In other words, the (Δl + x) is positive or
the spring force is acting downward when the spring is compressed.
In other words, (Δl + x) is negative.
Another force that we have is the damping force F_d due
to the viscosity of the fluid in which the mass is moving,
which is proportional to the mass of speed so that we have F_d = -cx'(t),
where the positive constant c
is the damping constant and the x' is the velocity of the object.
When the speed of the mass' of this is quite small.
Here the negative sign,
it means that the damping force is acting in
the direction opposite to the mass' moving direction.
Finally, there might be some external force f(t) acting on the mass.
Then by the Newton's second law of motion,
first we can think of the forces of the system is m times acceleration.

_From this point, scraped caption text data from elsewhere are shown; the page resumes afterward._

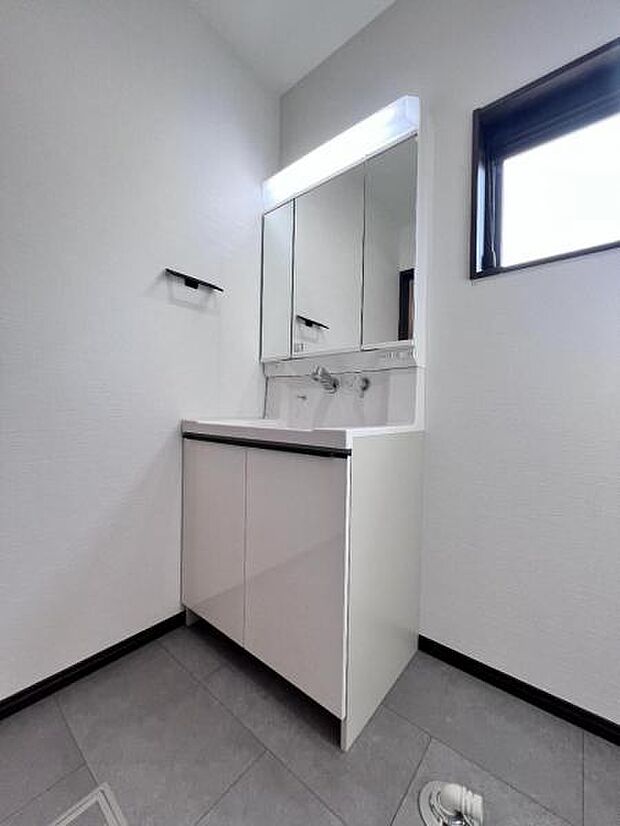 洗面化粧台です。朝の身支度から1日が始まります。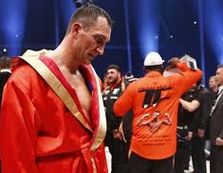 Кличко програв усі чемпіонські пояси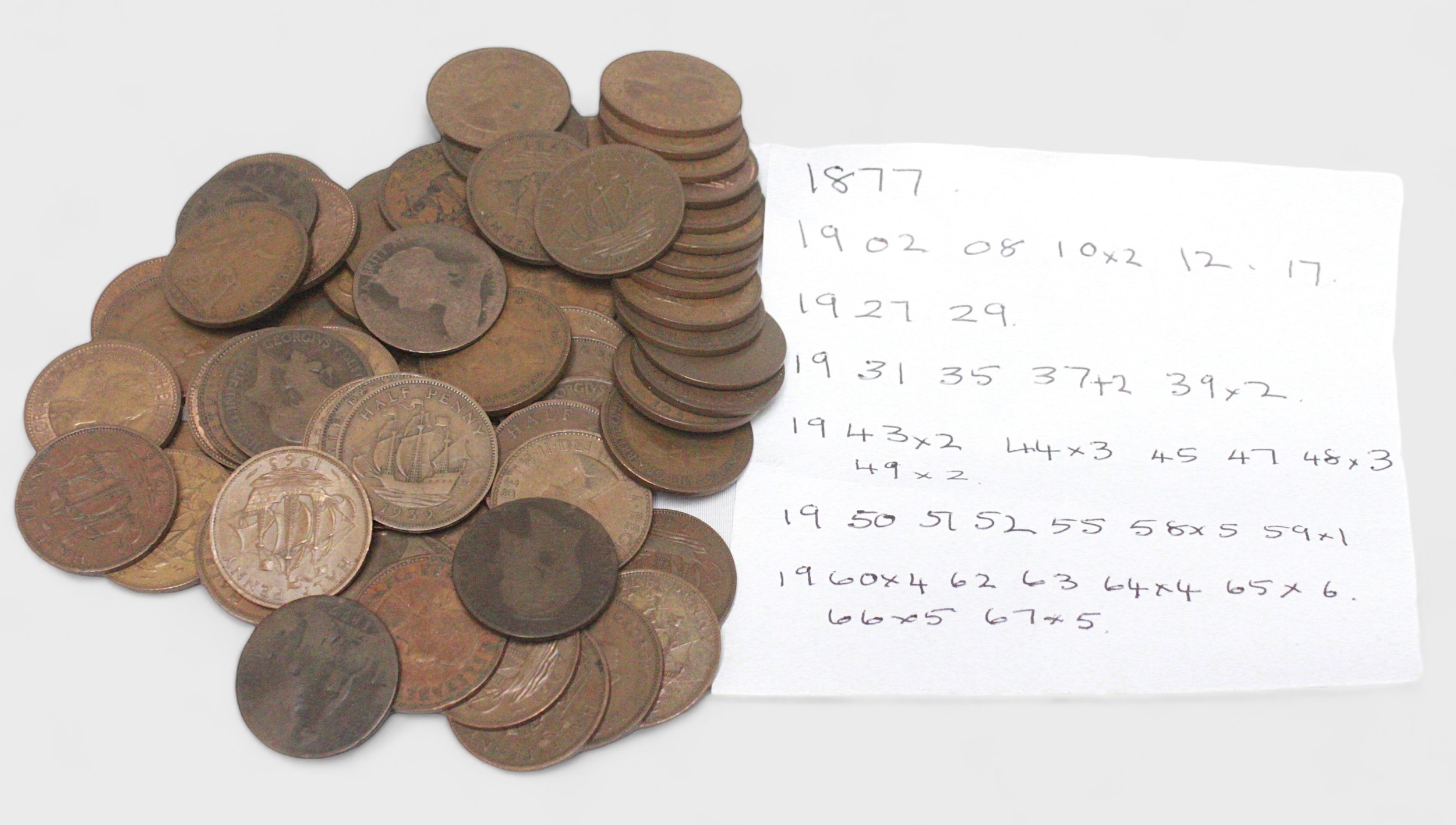 A collection of circulated GB one penny and half-penny coins, eighty-one pennies ranging from 1807- - Image 3 of 3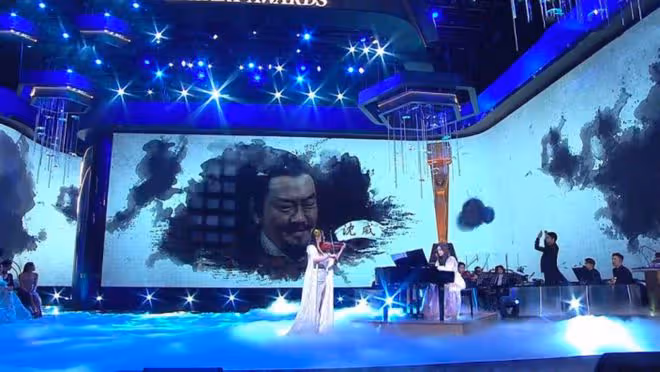 TVB頒獎禮向16位離世前輩致敬，曾江楊群在列，放生前片段好催淚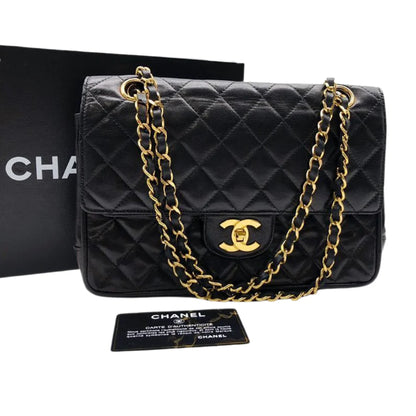 Chanel Classic Flap medium sort – set forfra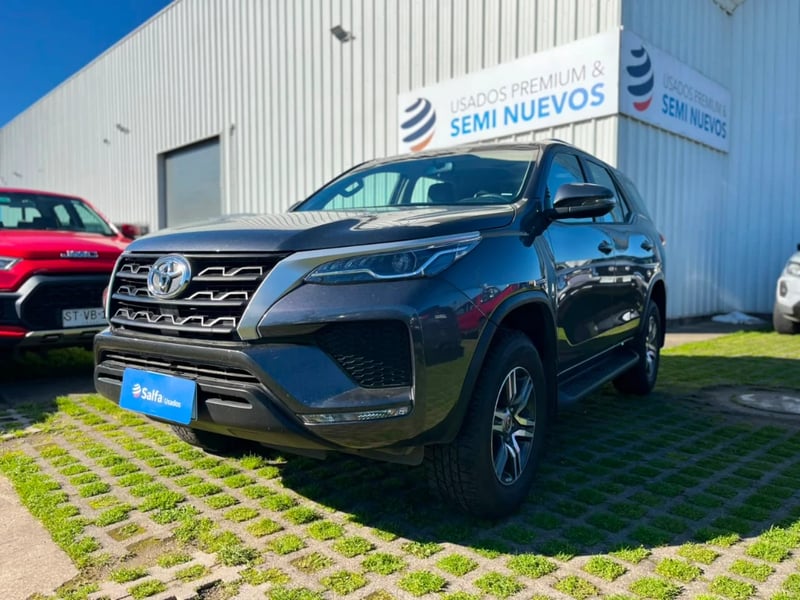 Toyota Fortuner 2024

So m times x double prime must be equal to the total force acting on the system.
In other words, if we have the gravitational force mg and the spring force F_s and
the damping force F_d and any external force f. That is equal to mg - k(Δl +
x) - cx' + f.
Since we know that at the equilibrium state mg = kΔl.
So mg - kΔl cancelled out then simplifying the equation,
we get mx" + cx' + kx = f.
Which is a second order linear constant
coefficients possibly non-homogeneous differential equation.
We call this differential equation one.
As the differential equation for forced damped motion for general f,
if f is identically zero.
Then we call it as a free damped motion.
Divide the whole equation by m,
divide the whole equation by m. Then you are going to get x" + cx'/m + km/x and that
is equal to f/m,
to give this equation.
Let's set for the computational simplicity,
let's call c/m is equal to two times λ and the k/m,
let's say be equal to omega square and f/m
let's say it to be g. Then we get the second equation say x" + 2λx' + ω square x = g(t).